Suède ? Finlande ? Non, Haute-Saône !

Cela signifie-t-il que je vais abandonner les séjours à l’étranger ? Certainement pas ! Mais je m’y prendrai autrement. Favoriser les voyages à étapes, accessibles en train et/ou en car. Considérer le trajet comme partie du voyage. J’ai déjà testé et approuvé cette méthode à l’été 2019 pour me rendre en Corse. Un trajet d’une dizaine de jours et 3 étapes (4 si je compte l’escale à l’Ile Rousse) qui m’ont permis de découvrir trois villes merveilleuses. J’ai envie de lenteur, de langueur, de tester le pass Interrail ou de surfer sur le retour en vogue des trains de nuit pour atteindre les destinations européennes les plus éloignées. C’est plus compliqué, mais ce n’est pas infaisable.

Dy flygskam au färjeturskam

Débarrassée du fardeau de l’avion, il me reste un hic à régler : le bilan carbone du ferry. Je n’ai pas encore vu le mot passer sur le net alors je me suis permise de l’inventer, en suédois pour faire honneur au flygskam ; je te présente donc le färjeturskam (la honte de prendre le ferry). Au même titre que l’avion, le ferry est un cancre en termes d’émissions de CO2. Pourtant, je ne suis pas encore prête à abandonner ce mode de transport, tout simplement parce qu’en dehors de l’avion, il reste le seul moyen de rallier cette Corse si chère à mon cœur. L’île de Beauté n’est pas une destination comme les autres ; c’est une partie de mes racines. C’est là-bas que je me sens le mieux. J’ai besoin de sentir l’immortelle et le laurier, d’entendre l’accent corse et la macagne, de me nourrir de bastelle et de porcu nustrale. La rayer de mes destinations ? Non ! Impossible !
Pourtant, un espoir existe. Une nouvelle compagnie vient de voir le jour pour proposer la traversée en voilier, et je meurs d’envie de tester ! Amélioration en vue aussi côté ferries avec l’arrivée prochaine de bateaux fonctionnant au GNL chez Corsica Linea.

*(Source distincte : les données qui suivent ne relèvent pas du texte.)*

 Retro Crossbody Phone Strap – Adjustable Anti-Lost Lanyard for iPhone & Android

Le ferry doit faire sa révolution !

Epilogue

L’encre de mon avant-dernier billet d’avion daté de 2018, qui me sert désormais de marque-page, s’efface peu à peu. C’est drôle, c’est un billet Alitalia, compagnie qui a depuis disparu des radars. C’est peut-être un signe, après tout !

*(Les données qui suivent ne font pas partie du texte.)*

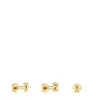 Pack de piercings de oreja de acero IP dorado Balloon^TOUS Hot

2 commentaires sur “Flygskam

  1. Je me suis offert le privilège de la lenteur. Depuis mon premier voyage solo à 15 ans, je sais que je veux faire de ma vie un voyage. Pour répondre à mes envies d’ailleurs, j’ai décidé, il y a plus de 12 ans, de ne pas prendre l’avion lorsqu’une alternative terrestre est possible. J’ai aussi décidé de voyager lentement. Le fait de ne pas être limitée à 5 semaines de congés payés annuels me permet d’aller et venir au rythme de mes envies. C’est un choix de vie qui implique pas mal de concessions, mais que je ne regrette pas car il me permet de réaliser certains rêves tout en évitant de cumuler les dissonances cognitives.

    Bravo pour cette réflexion et la prise de décision. Bravo aussi pour cet article qui invite à la réflexion.

    1. Merci Céline ! Je suis régulièrement tes pérégrinations lentes qui me font rêver, et je trouve que cela ressemble plus au voyage tel que je le conçois qu’un bref l’aller-retour au bout du monde. Il me manque le courage de partir seule aussi longtemps au long cours (j’ai fait maximum 6 jours en solo), et le côté logistique (pas de camping, je n’ai ni le matos, ni la compétence, ni la force de traîner tout ça avec moi).